The year is 1939. On the day she is supposed to marry Robert Blake, young heiress Ann Henderson, wearing a white blouse, is out riding horseback on her father's estate when she finds herself being chased by a hideous creature clad in black, also on horseback. This other rider screams what sounds like a screeching war cry, and seems to charge at Ann. Ann is terrorized and rides back home as fast as she can, losing the other rider. She tells her parents and her betrothed about her experience. Then, in bursts an impetuous young man, poor and rebellious David Mitchell, who is the opposite of Robert, who is well-to-do, well behaved, and approved by Ann's austere parents.

We soon learn, as does Robert, that Ann really loves David, when, on what was supposed to be his and Ann's wedding night, Robert spies Ann and David kissing like two true lovers. The sad, heartbroken expression on Robert's face is palpable.
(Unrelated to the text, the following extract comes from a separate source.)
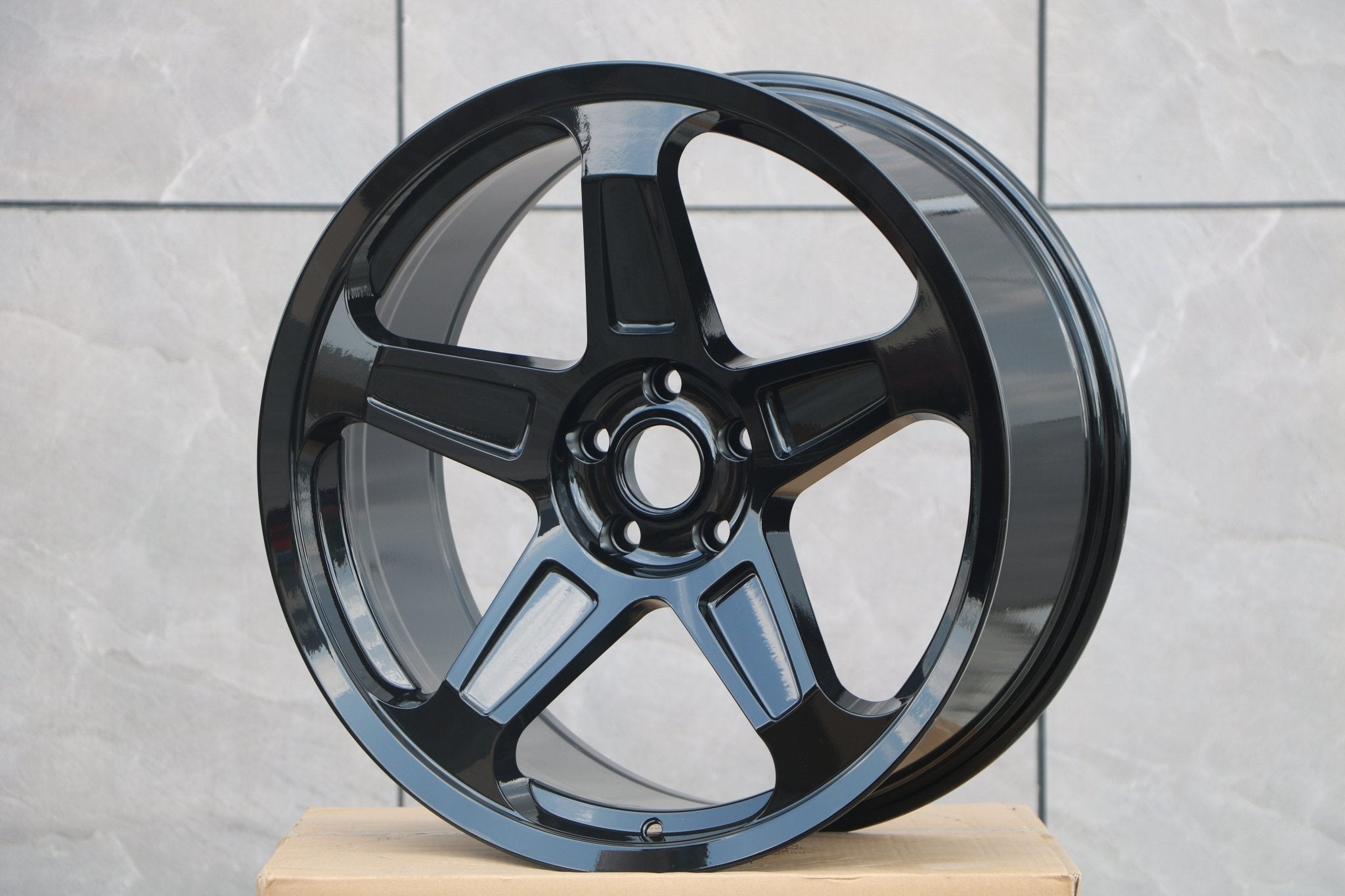 W597 1393 Gloss Black 22x9.0 ET20 CB71.5 5x115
Fast forward to contemporary times (1964). Ann is miserable and, like her lazy free-spending husband, David, her "true lover", she is an alcoholic. Her mother is still alive and widowed, and constantly lectures Ann about what she and David are doing to the late Mr. Henderson's estate and legacy. One morning, after another argument with David, which is a constant routine in their miserable marriage, Ann, clad in black, goes out horseback riding, her favorite pastime. While riding, she sees a younger woman, wearing a white blouse, also riding on the estate she now owns. We soon learn that the older Ann is herself the "hideous creature", chasing after the younger Ann (who is still in 1939), not to harm her, but to warn her that she is about to make a mistake she will regret for the rest of her life, their lives. That screeching scream the audience hears is merely her calling out young Ann's name. It was purposely made to sound so hideous and incoherent to us because that is how it sounded to young Ann, who is completely and hopelessly unaware of the black clad rider's true intentions. The older Ann will repeat this routine every morning, which will apparently be a repeat of the same morning back in 1939, the day she was supposed to marry Robert. Her efforts will end in vain every time, because, like the song says, "You Can't Ever Go Home Again".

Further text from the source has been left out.